Because fashion PDPs are judged on consistency and product truth, not on whether a system can improvise attractively once. Generic image tools ask teams to steer outcomes through typed instructions, which makes each revision vulnerable to drift in the garment, the face, the pose, or the logo. That is where invented details, altered silhouettes, and unstable model identity start to appear. RAWSHOT avoids that pattern by giving teams direct controls built for fashion production rather than a general-purpose text workflow.
The difference is not abstract. In RAWSHOT, you save a synthetic model, reuse it across SKUs, choose styles from preset systems, and keep provenance, watermarking, and auditability attached to the output. In DIY tools, rights framing, labelling, and metadata can stay unclear, and reproducibility becomes a manual craft. For commerce teams, garment-led control wins because it turns approval into an operational process instead of a sequence of lucky accidents that cannot be repeated at scale.

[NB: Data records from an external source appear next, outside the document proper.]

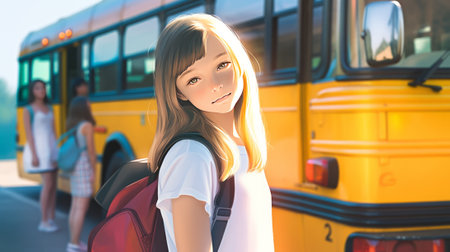 Schoolgirl with backpack standing in front of school bus. Back to school concept.の素材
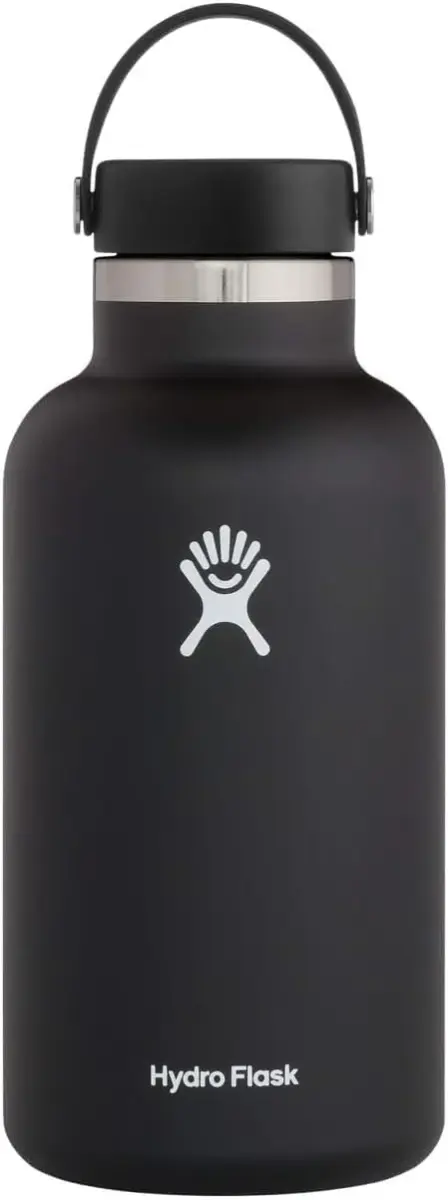 Hydro Flask Wide Flex Cap Black 64 Oz | Insulated Stainless Steel Water Bottle — Keeps Cold 24 Hrs, Hot 12 Hrs - main product image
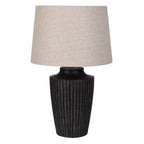 Fluted Black Table Lamp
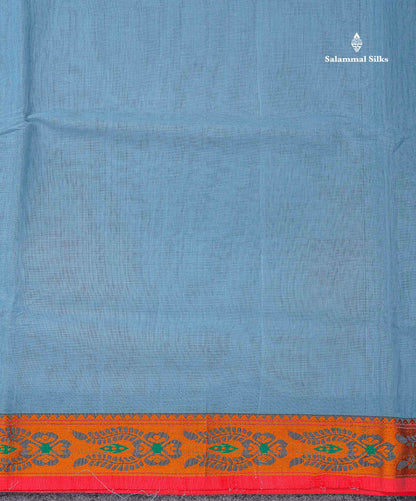 Beautiful Bottle Green Plain Pure Cotton Saree With Contrast Red Thread Work Traditional Border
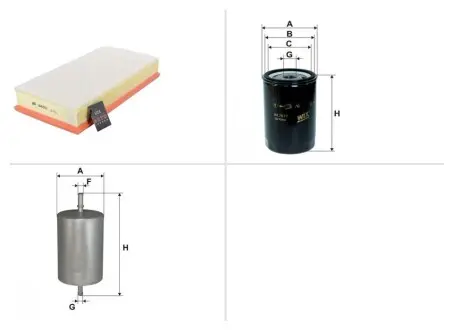Комплект замены фильтров Skoda (Шкода) Octavia (Октавия) 1.6 AVU, BFQ WIX FILTERS ТО-0000067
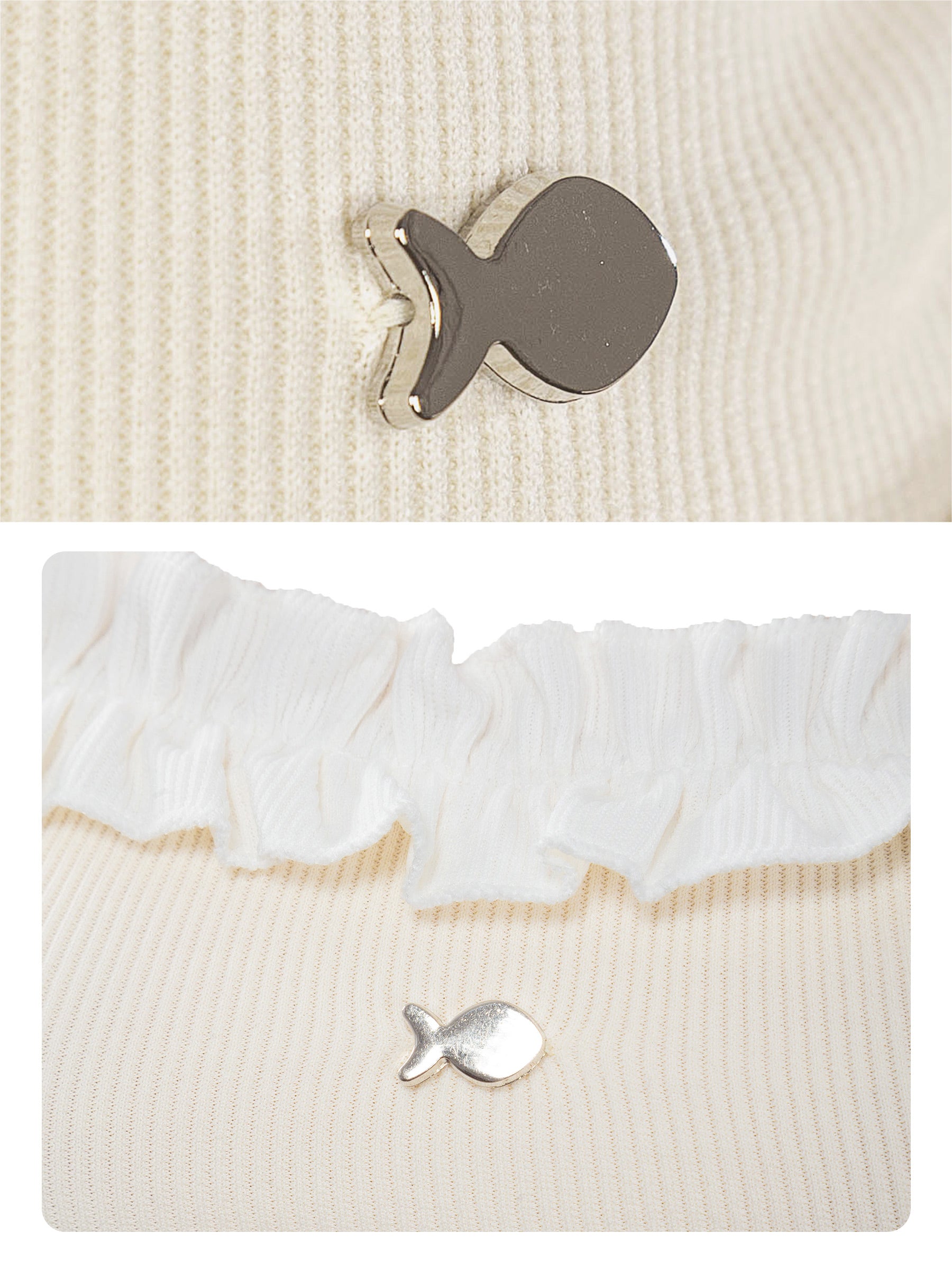 Fish-shaped buttons on a textured fabric background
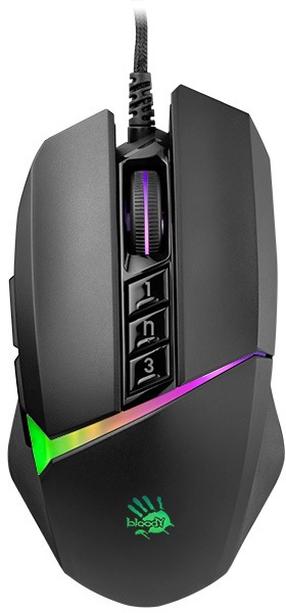 Juhtmega mänguhiir A4Tech Bloody W60 Max Stone, must v.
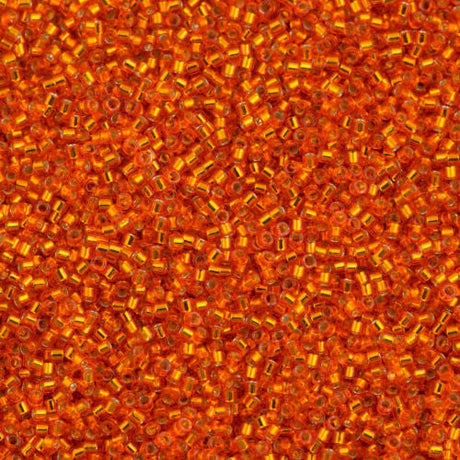 100g Miyuki Delica Seed Bead 11/0 Silver Lined Orange DB45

Can we use RAWSHOT outputs commercially, and how are they labelled?
Yes. RAWSHOT includes permanent, worldwide commercial rights to every output, which matters for brands that need assets to move across ecommerce, paid media, marketplaces, wholesale decks, and campaign surfaces without separate negotiation for routine use. Just as important, the outputs are not presented ambiguously. They are AI-labelled and protected with visible plus cryptographic watermarking so your team is not forced to choose between utility and honesty.
RAWSHOT also signs provenance with C2PA and keeps a per-image audit trail, giving internal teams and external partners a clearer record of what the asset is. The platform is EU-hosted, GDPR-compliant, and designed around transparent synthetic composites rather than implied real-person sourcing. For operators, that means commercial usage and disclosure are handled as product features, not as afterthoughts. The practical move is to treat labelling and provenance as part of your brand standard from the first published asset.
What should our team check before publishing synthetic model imagery to product pages?
Start with the garment itself. Confirm that cut, colour, pattern, logo placement, fabric behavior, and fit representation match the source product, because product truth is the first job of commerce imagery. Then review whether the saved synthetic model remains consistent with your approved brand identity across the set, especially if the assets will appear side by side in catalog grids or collection pages. After that, confirm framing, channel crop, and visual style are aligned to the destination surface.
You should also verify trust signals before publishing. Check that the output is AI-labelled, carries watermarking as expected, and retains C2PA provenance metadata in your asset workflow. If your team works across agencies or marketplaces, keep the per-image audit trail with the delivered files so governance is preserved beyond the creative team. The useful operating habit is to make quality review a short checklist that covers both garment fidelity and disclosure, since both affect conversion and brand trust.
How much does this cost if we use RAWSHOT mainly as an ai avatar image generator?
Model generation is about $0.99 per model and usually takes around 50–60 seconds per generation. That pricing works well when your first step is to create a reusable synthetic identity and then apply it across a broader catalog workflow, because you are not paying a separate premium just to unlock the model builder. Tokens never expire, failed generations refund their tokens, and the cancel control is available in one click on the pricing page, so budgeting stays straightforward.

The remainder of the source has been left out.